7 Secrets You Need to Know About Freshman Band Camp

As an inexperienced freshman, you undoubtedly have already chained yourself to your apprehension about the upcoming freshman band camp. Chuck those chains out the window! Because I have marched in your shaking shoes before. These 7 secrets will direct you to a fresh frame of mind.

1.) PLEASE know your instrument beforehand.
As simple (or stupid) as that sounds, do it. You would not believe the amount of people who go into freshman band camp without even looking at their instrument for about 6 months before band camp. It’s called marching BAND, not marching people-who-hold-an-instrument. Yes, it’s funny now, but you won’t be laughing when you’re trying to figure out what to play, where to go, and when to change direction all at the same time. If the band program gives you music to memorize, commit it to memory before you go to band camp. This way, you can focus on deciphering your marching drill chart (a.k.a. Your messed-up connect the dots puzzle) instead of relearning your instrument.

2. You will eat ridiculous amounts of food.
If people think you don’t eat a lot, there isn’t a better place to prove them wrong than freshman band camp. In a typical band camp, you will be working outside, in unearthly hot temps, for most of your 12-hour day, EVERY day. You will be hungry all the time, even after you have just eaten. This is because you’re basically burning off calories faster than you can put them in your body. Consequence: you ingest truckloads of water, sports drinks, and food.

3. Never be the last person to show up.
As general rule, arrive early to everything you go to, because that’s simply a smart life choice. But during freshman band camp, never be the last one. To be early is to be on time. To be on time is to be late. To be late is to be left-forever alone. I don’t care if you’re just going to get a “gush and go” (a drink of water), you better not be the last one back on the field. What will happen if you’re last? I am not entirely sure — probably because everyone is too terrified to find out. Most likely, the ground will open directly beneath you and swallow you in a burning, black hole.

4. “Freshman initiation” is quite boring.
Basically, every band program hosts a “freshman initiation.” As awful as that sounds, it really isn’t awful at all. Think more “summer camp” with team building. Then, you will probably be taught the history and traditions of the band. Granted, these go back to the beginning of time in every program. Therefore, prepare yourself to sit through an extended history lesson, and participate in some cheesy team building games.

5. Do your best all the time.
If your band uses an “alternate” or “shadow” system, that means they have a specific number of marching spots for their shows. No more and no less. Since they have a limited number of marching spots, your superiors will be looking to put only the very best band members on the field at any given time. Therefore, you need to demonstrate a hardworking attitude all the time, because if you are the best, you can replace someone who is doing less than their best. Your superiors will be evaluating your performance at any given time, so always march and play to the best of your ability.
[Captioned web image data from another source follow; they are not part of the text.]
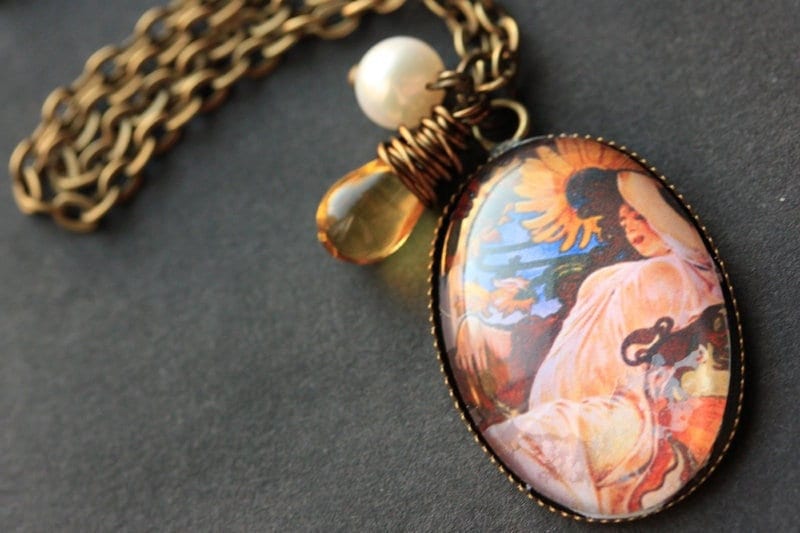 Alphonse Mucha Halskette. Sommerlicher Anhänger Mit Honigtropfen Und Perle. Charm Tragbare Jugendstil Schmuckstücke. Handarbeit von TheTeardropShop
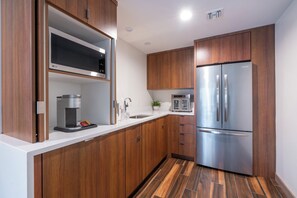 Suite, 1 cama de matrimonio grande | Cocina privada | Frigorífico, microondas y cafetera o tetera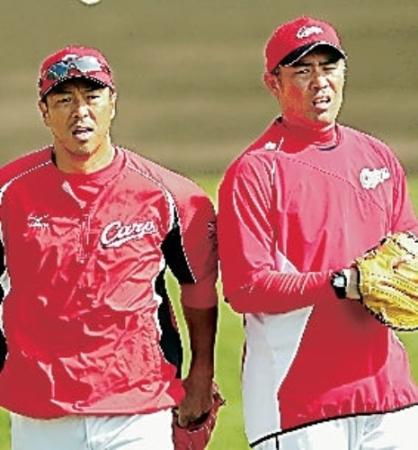 菊地原コーチ（右）と話す黒田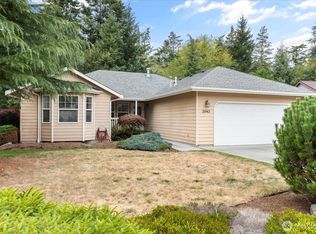 2042 Doe Dr, Oak Harbor, WA 98277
6. You get to know your campus before everyone else.
It is a little-known fact that band students have the advantage over everyone else on campus. Why? By the time school starts, you know your way around campus AND you have already met a bunch of friends. Upper classmen will most likely even teach you the best ways to get around and fill you in on the “do’s and don’ts” of campus. Band upper classmen are truly your best resource when you get into a freshman pickle, because they have faced your problems just a few years before. Use this resource to your advantage.
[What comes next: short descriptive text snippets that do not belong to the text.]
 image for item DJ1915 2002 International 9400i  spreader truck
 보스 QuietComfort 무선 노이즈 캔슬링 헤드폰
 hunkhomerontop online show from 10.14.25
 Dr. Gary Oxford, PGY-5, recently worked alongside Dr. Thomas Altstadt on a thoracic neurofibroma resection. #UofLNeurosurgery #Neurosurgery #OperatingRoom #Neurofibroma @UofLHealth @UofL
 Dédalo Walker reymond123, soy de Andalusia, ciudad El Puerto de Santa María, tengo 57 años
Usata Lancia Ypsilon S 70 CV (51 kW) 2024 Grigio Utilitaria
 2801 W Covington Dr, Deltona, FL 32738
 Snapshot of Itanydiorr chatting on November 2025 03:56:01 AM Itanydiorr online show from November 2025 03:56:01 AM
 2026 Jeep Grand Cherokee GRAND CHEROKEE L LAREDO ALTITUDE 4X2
7. No worries, there is ALWAYS someone who is worse than you.
Whether you’re thinking of marching or music, somebody will always be worse at it than you are. Every freshman will concern themselves with trying to survive just as much as you. Realize that it is ok if you are not the best marcher on the field. No one really expects you to be the best marcher or player as a freshman anyway. If you’re concerned about what your leaders will think of your skill, just know that their main job is to keep you from falling on your face throughout the course of freshman camp. Lastly, take it one step at a time, and you will be just fine.